Our aspiration is to be the leading bank for responsible and sustainable finance in Asia. Central to this aspiration is our longstanding commitment to taking a long-term view on how we create and sustain value for our shareholders, for our clients and for society. This commitment informs our approach to responsible and sustainable financing.
Our responsible financing approach
Managing risks and ensuring that we are lending responsibly have always been key tenets of our approach at OCBC.
Over the years, as the disruptive forces impacting business have evolved, so has our approach to responsible financing, which we continue to strengthen.
Our Responsible Financing approach integrates Environmental, Social and Governance (ESG) considerations into our credit and risk evaluation process for our lending practices and capital market activities.

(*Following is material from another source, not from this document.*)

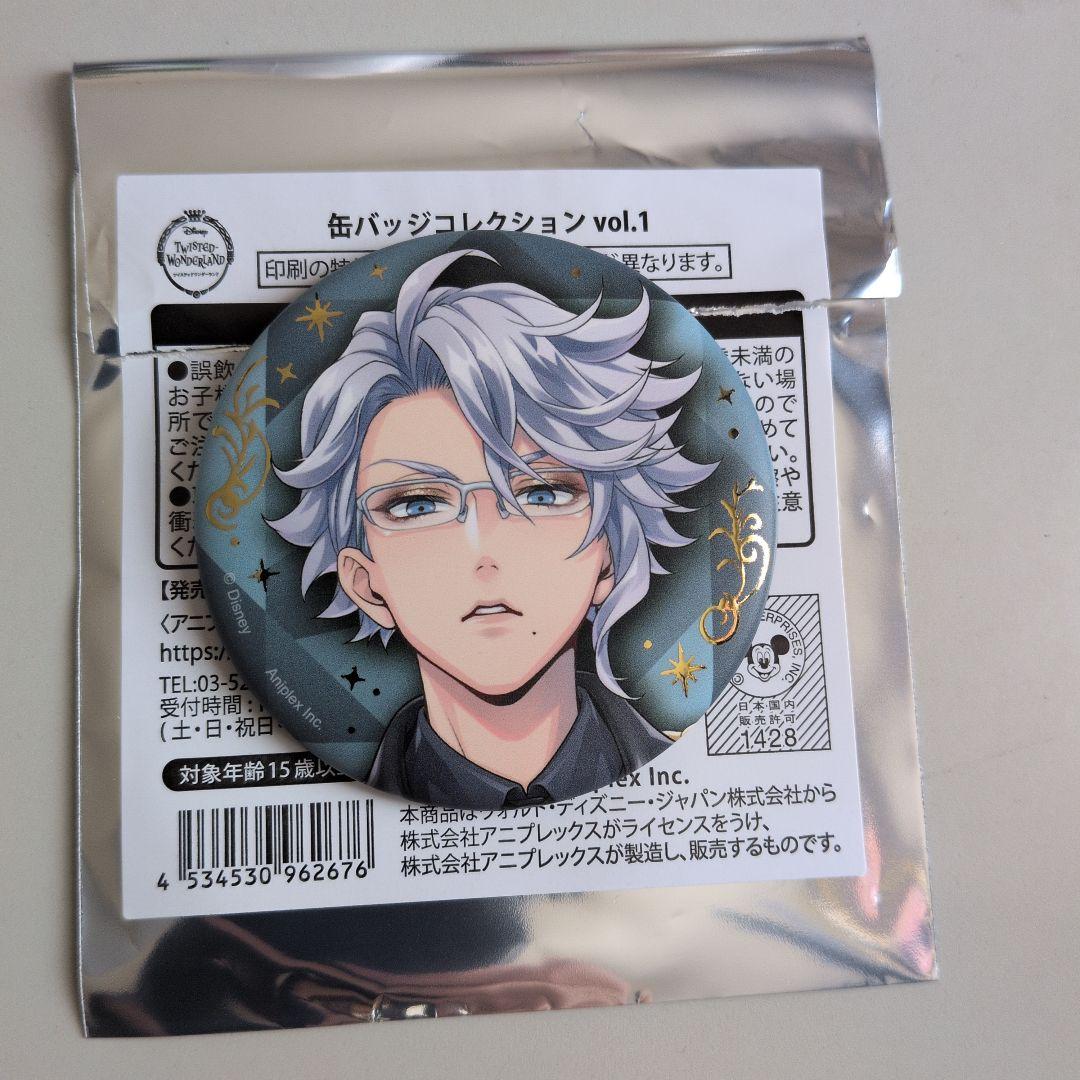 アズール ツイステッドワンダーランド ブレイジングジュエル 缶バッジ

Specifically, we will not engage in or knowingly finance any activity where there is clear evidence of immitigable adverse impact to the environment, people or communities. At a minimum, we expect our customers to meet all local ESG-related laws and regulations. Beyond that, we seek to positively influence our customers' behaviour by engaging them in further adopting appropriate sustainable practices to meet higher ESG industry expectations over time.
Our ESG risk assessment process
Implemented in 2017, our ESG risk assessment process ensures that we integrate the management of ESG risks into our credit and risk evaluation process.
All applicable new and existing corporate, commercial and institutional client transactions are subjected to our ESG risk assessment process.
We take a risk-based approach towards managing ESG risk where transactions that carry high ESG risks are subject to enhanced evaluation and approval requirements.
Exclusion list and sector-specific policies
Our exclusions list
Our exclusions list lays out the activities we will not finance. Some of these are sector-specific while others cut across them.
Our sector-specific prohibitions include:
- Energy: We will not provide new financing for coal-fired power plants.
- Mining and metals: We will not provide new financing to thermal coal mines.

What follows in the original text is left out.